**Your instructions:** Output a faithful copy of the entries, every picture removed.

**Given data:**
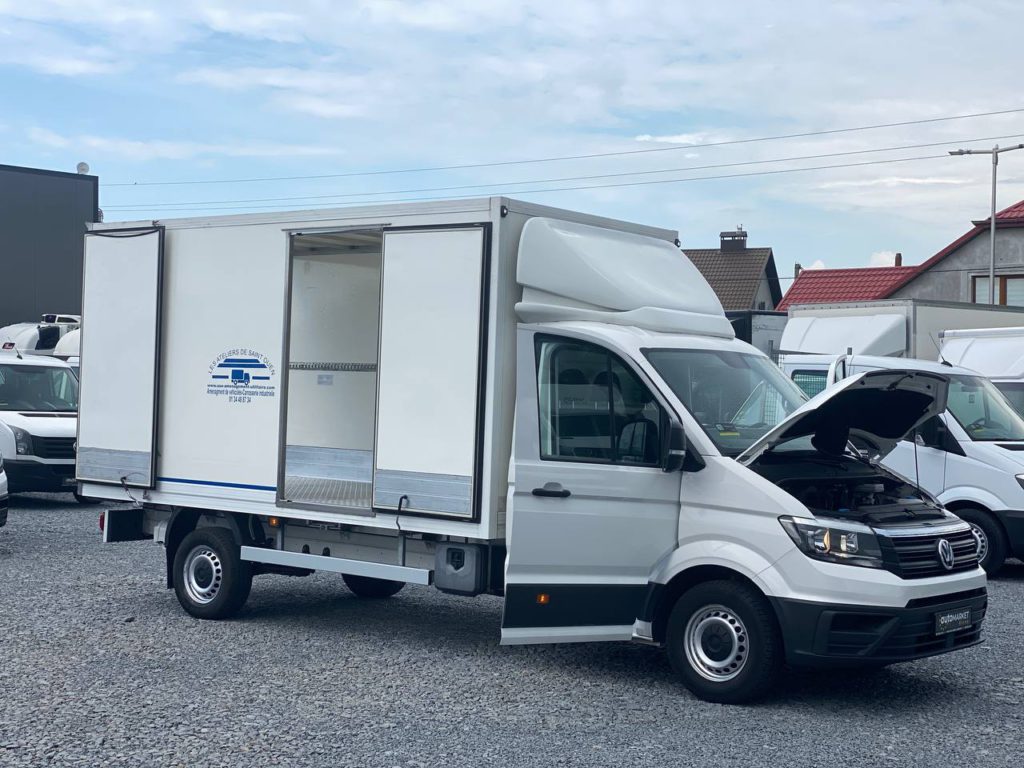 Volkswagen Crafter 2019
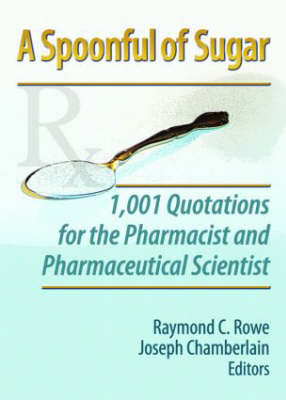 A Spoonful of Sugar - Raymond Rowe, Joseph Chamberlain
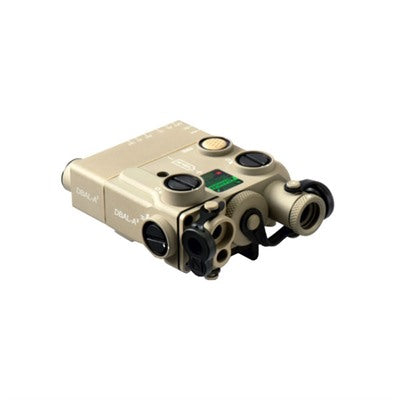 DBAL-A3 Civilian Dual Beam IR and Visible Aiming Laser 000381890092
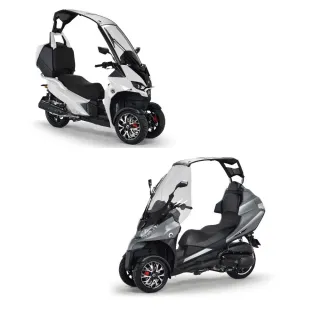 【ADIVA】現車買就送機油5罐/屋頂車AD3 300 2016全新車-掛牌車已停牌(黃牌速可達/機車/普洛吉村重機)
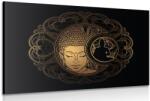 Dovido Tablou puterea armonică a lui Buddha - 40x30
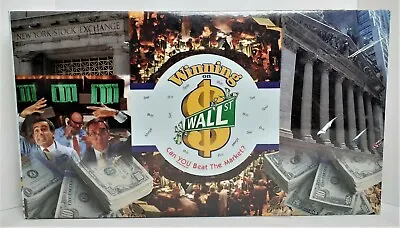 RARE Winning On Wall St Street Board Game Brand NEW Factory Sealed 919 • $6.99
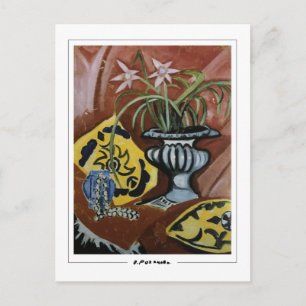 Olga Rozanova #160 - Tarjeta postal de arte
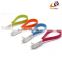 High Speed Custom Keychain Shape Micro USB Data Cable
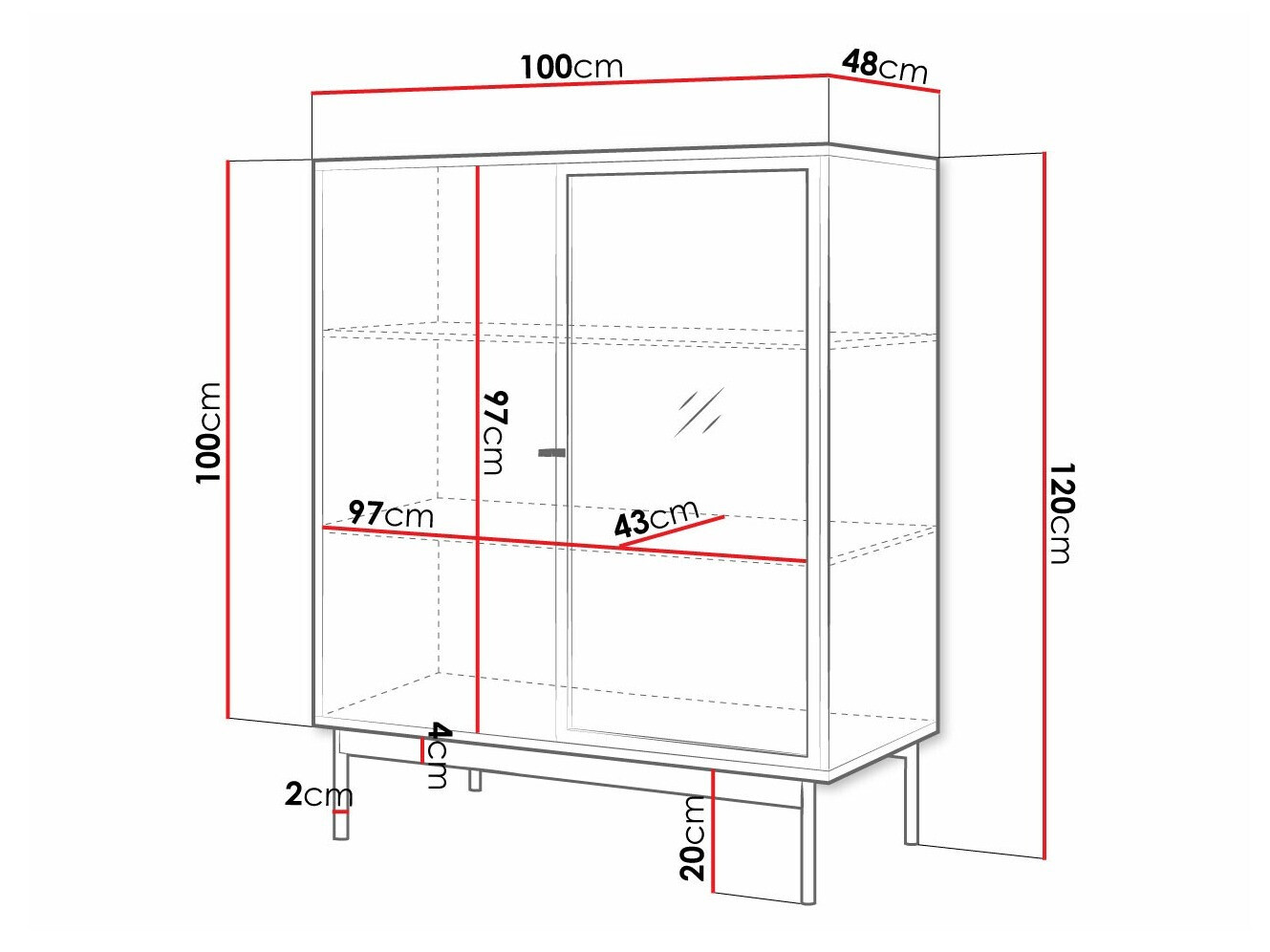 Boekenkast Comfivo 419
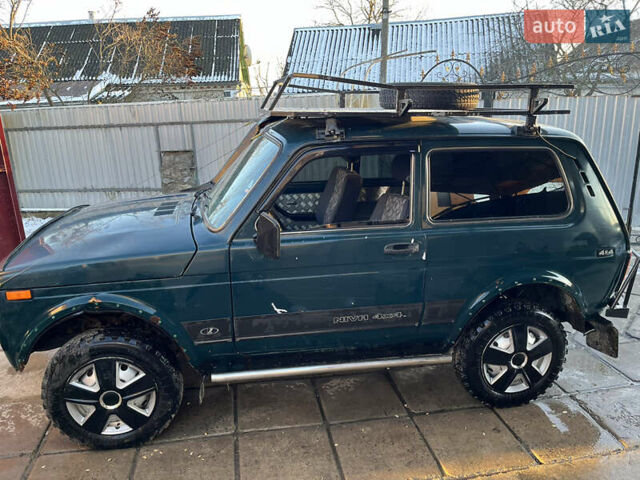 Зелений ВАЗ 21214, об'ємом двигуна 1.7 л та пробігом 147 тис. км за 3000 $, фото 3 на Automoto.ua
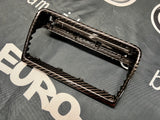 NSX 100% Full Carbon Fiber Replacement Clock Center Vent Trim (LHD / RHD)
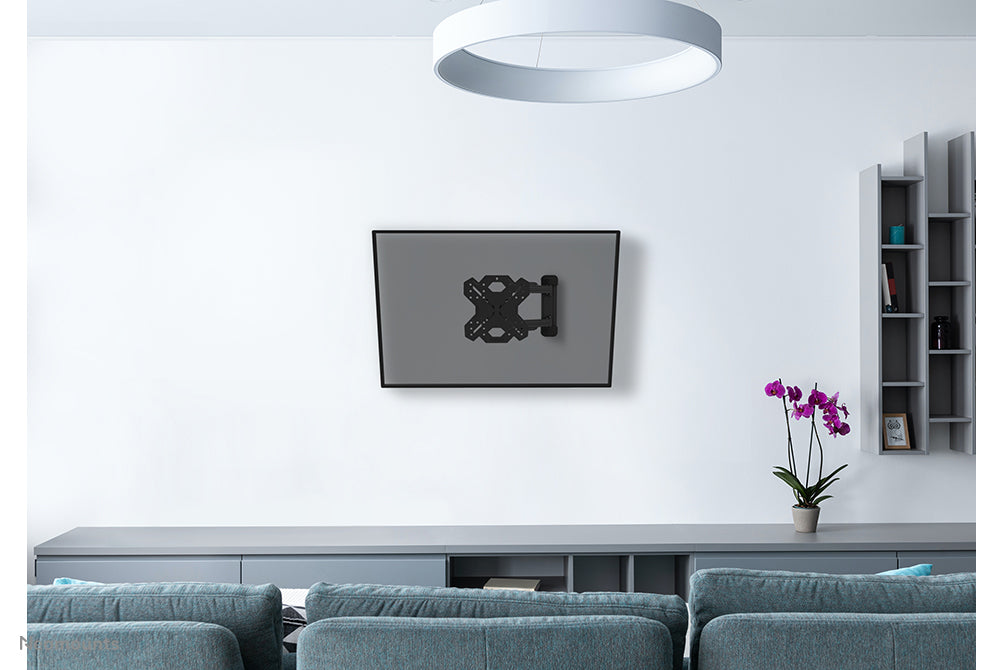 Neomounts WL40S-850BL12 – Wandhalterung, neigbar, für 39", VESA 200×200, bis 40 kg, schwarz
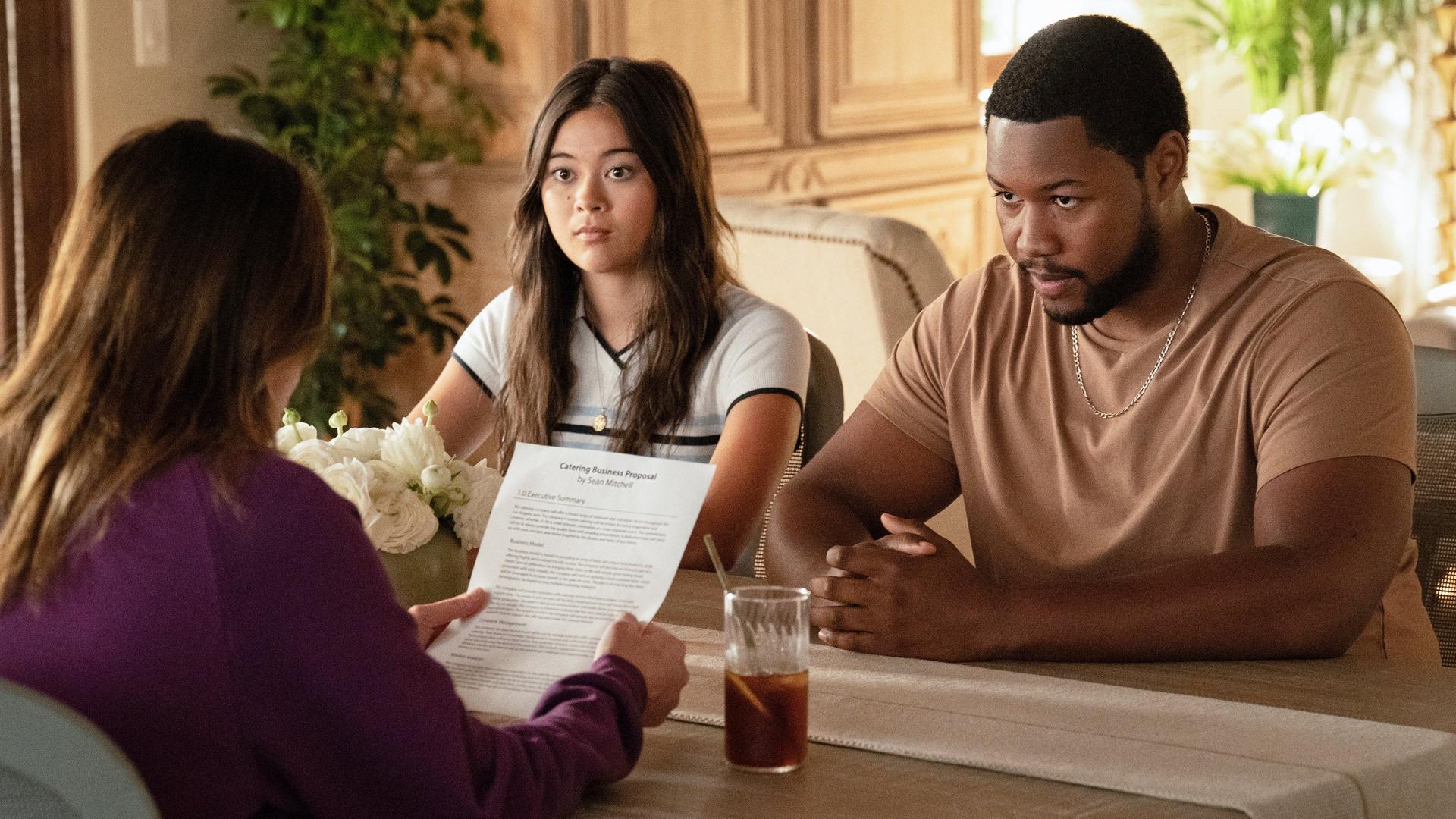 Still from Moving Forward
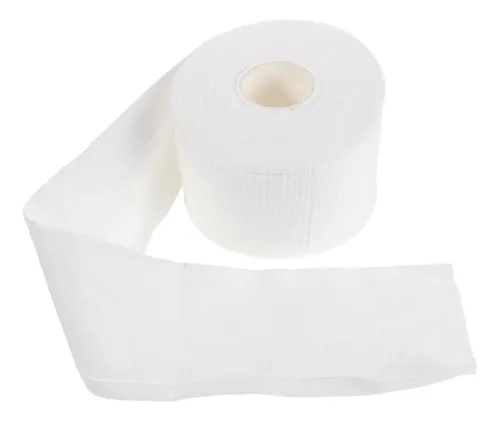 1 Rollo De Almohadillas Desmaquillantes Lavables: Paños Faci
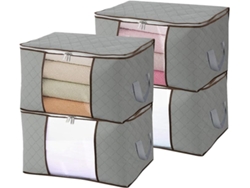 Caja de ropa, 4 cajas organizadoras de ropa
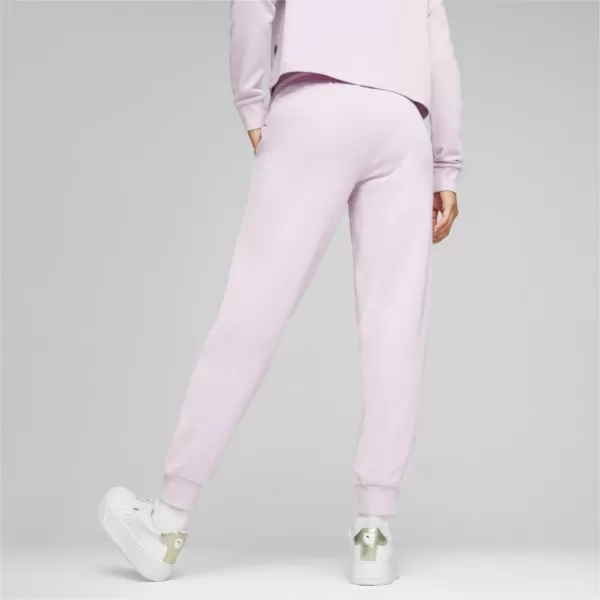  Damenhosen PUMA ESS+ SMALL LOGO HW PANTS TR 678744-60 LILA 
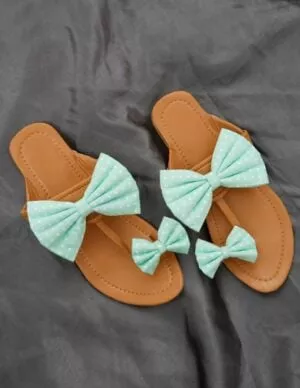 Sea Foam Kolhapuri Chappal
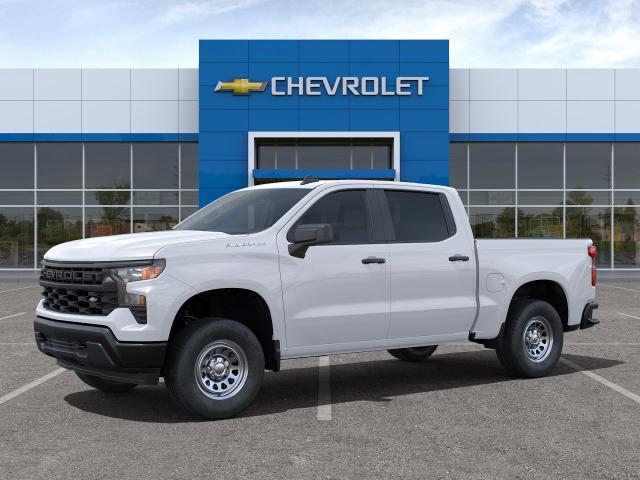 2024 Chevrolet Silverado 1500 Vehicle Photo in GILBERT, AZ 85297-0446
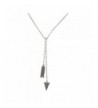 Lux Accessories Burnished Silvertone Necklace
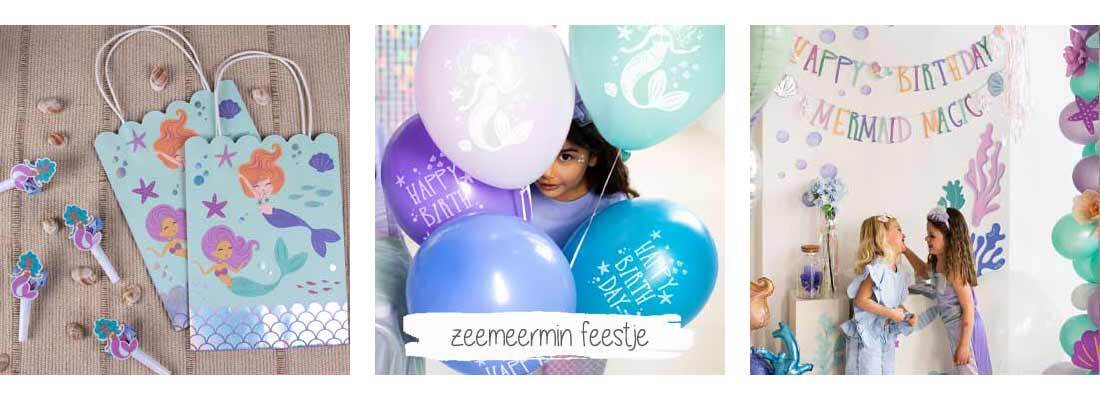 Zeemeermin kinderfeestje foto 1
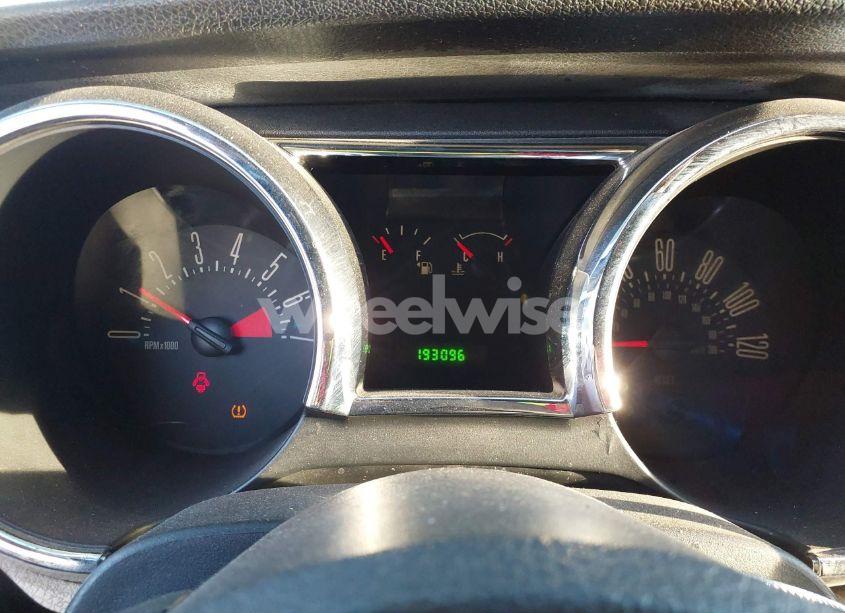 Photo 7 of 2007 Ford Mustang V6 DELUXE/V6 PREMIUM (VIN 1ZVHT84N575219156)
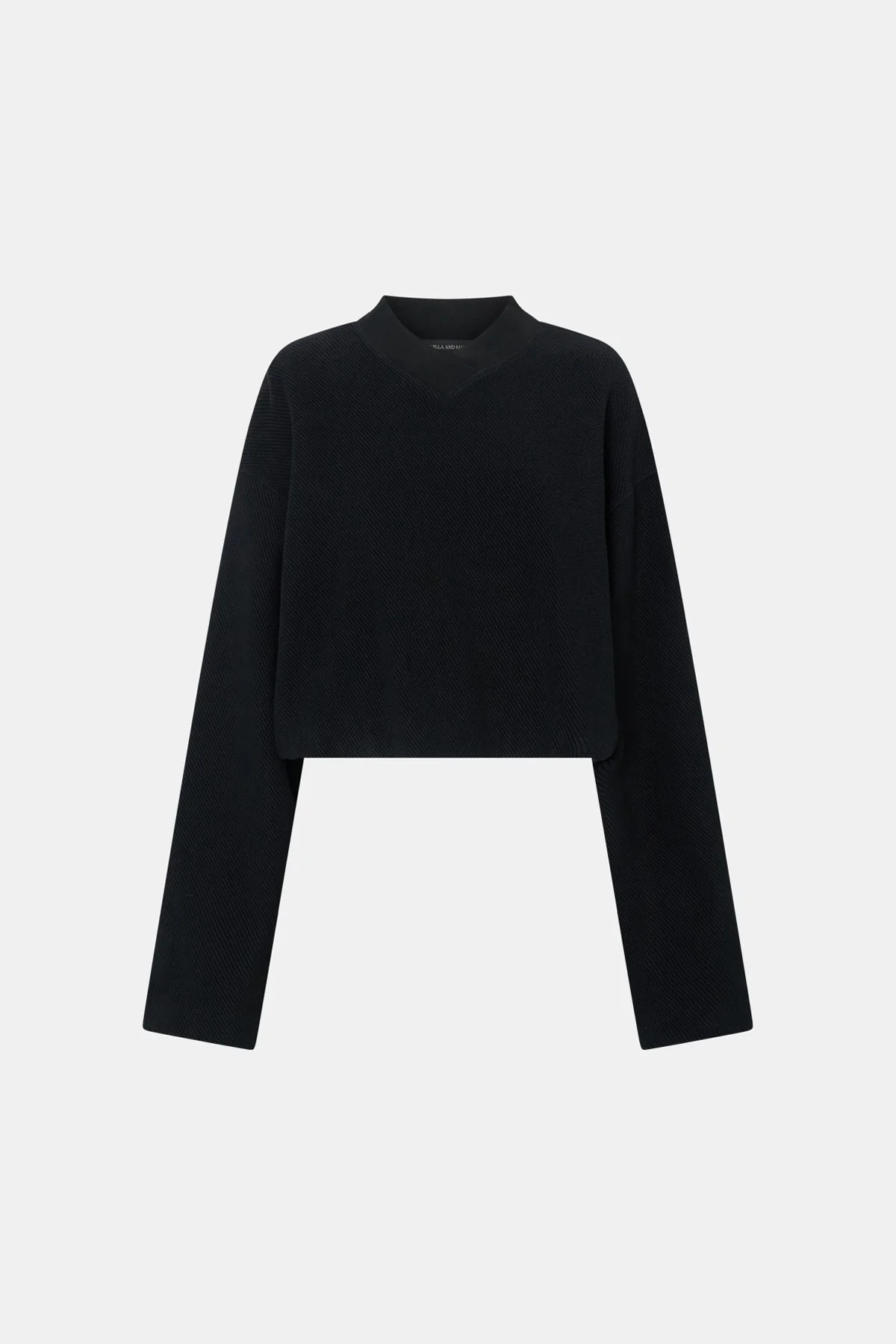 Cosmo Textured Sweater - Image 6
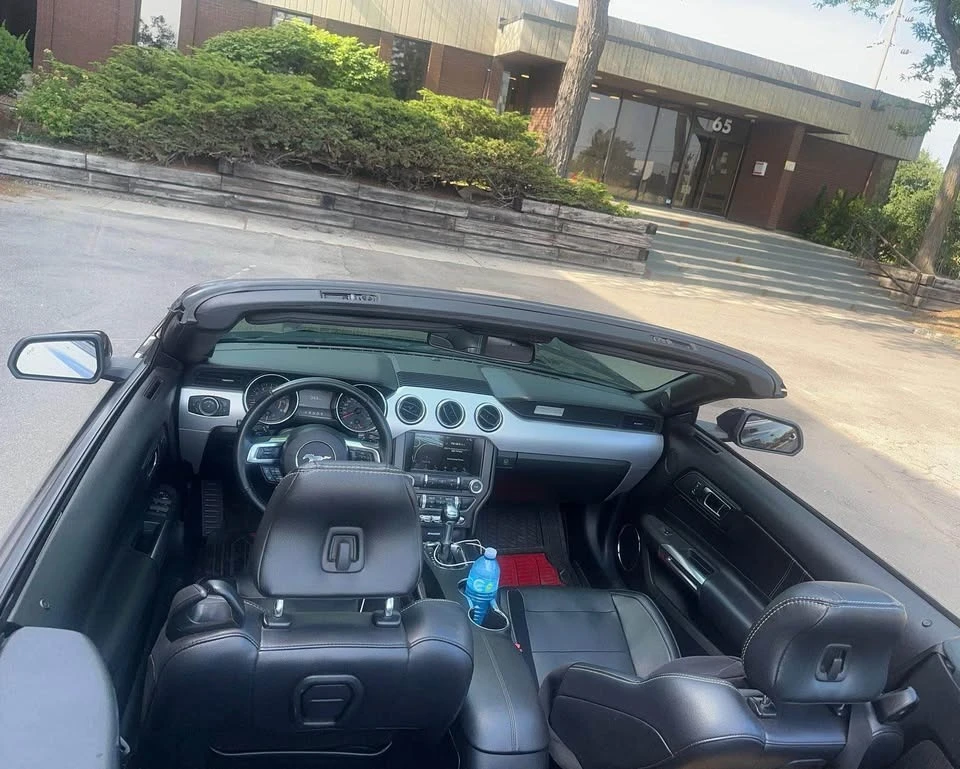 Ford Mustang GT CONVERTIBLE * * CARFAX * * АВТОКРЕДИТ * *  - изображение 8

**Task solution:**
 Volkswagen Crafter 2019
 A Spoonful of Sugar - Raymond Rowe, Joseph Chamberlain
 DBAL-A3 Civilian Dual Beam IR and Visible Aiming Laser 000381890092
 【ADIVA】現車買就送機油5罐/屋頂車AD3 300 2016全新車-掛牌車已停牌(黃牌速可達/機車/普洛吉村重機)
 Dovido Tablou puterea armonică a lui Buddha - 40x30
 RARE Winning On Wall St Street Board Game Brand NEW Factory Sealed 919 • $6.99
 Olga Rozanova #160 - Tarjeta postal de arte
 High Speed Custom Keychain Shape Micro USB Data Cable
 Boekenkast Comfivo 419
 Зелений ВАЗ 21214, об'ємом двигуна 1.7 л та пробігом 147 тис. км за 3000 $, фото 3 на Automoto.ua
 NSX 100% Full Carbon Fiber Replacement Clock Center Vent Trim (LHD / RHD)
 Neomounts WL40S-850BL12 – Wandhalterung, neigbar, für 39", VESA 200×200, bis 40 kg, schwarz
 Still from Moving Forward
 1 Rollo De Almohadillas Desmaquillantes Lavables: Paños Faci
 Caja de ropa, 4 cajas organizadoras de ropa
  Damenhosen PUMA ESS+ SMALL LOGO HW PANTS TR 678744-60 LILA 
 Sea Foam Kolhapuri Chappal
 2024 Chevrolet Silverado 1500 Vehicle Photo in GILBERT, AZ 85297-0446
 Lux Accessories Burnished Silvertone Necklace
 Zeemeermin kinderfeestje foto 1
 Photo 7 of 2007 Ford Mustang V6 DELUXE/V6 PREMIUM (VIN 1ZVHT84N575219156)
 Cosmo Textured Sweater - Image 6
 Ford Mustang GT CONVERTIBLE * * CARFAX * * АВТОКРЕДИТ * *  - изображение 8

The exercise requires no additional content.